--- Exercise goal ---
The reply is to contain the full listing, repeated exactly, with pictures left out.

--- Data ---
++++++++

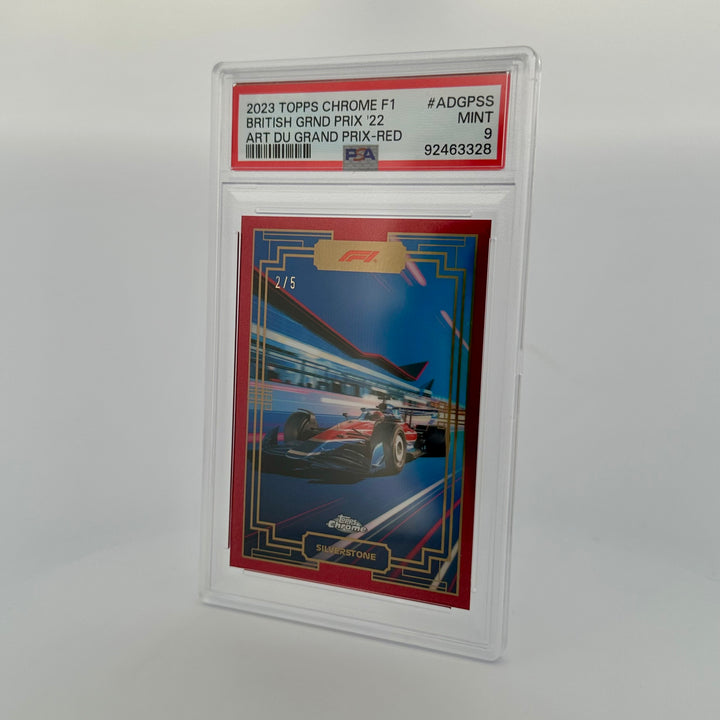 PSA 9 - 2/5 Red Silverstone #ADGPSS - 2023 Chrome Art du Grand Prix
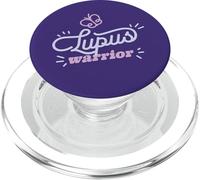 LUPUS WARRIOR Nastro Viola Farfalla Consapevolezza SLE Meme PopSockets PopGrip per MagSafe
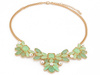 NASZYJNIK zielony KOLIA złoty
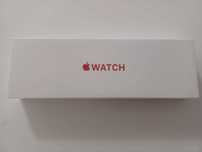 NOWY APPLE Watch series 9 41 mm Red Al sport band S/M, paragon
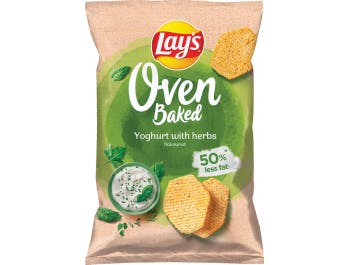 Lay's Oven Baked čips jogurt i bilje, 110 g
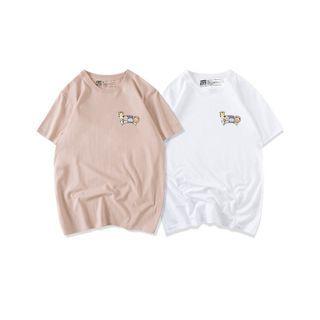 Short-sleeve Animal Print Tee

++++++++

--- Exercise solution ---
 PSA 9 - 2/5 Red Silverstone #ADGPSS - 2023 Chrome Art du Grand Prix
 LUPUS WARRIOR Nastro Viola Farfalla Consapevolezza SLE Meme PopSockets PopGrip per MagSafe
 NASZYJNIK zielony KOLIA złoty
 NOWY APPLE Watch series 9 41 mm Red Al sport band S/M, paragon
 Lay's Oven Baked čips jogurt i bilje, 110 g
 Short-sleeve Animal Print Tee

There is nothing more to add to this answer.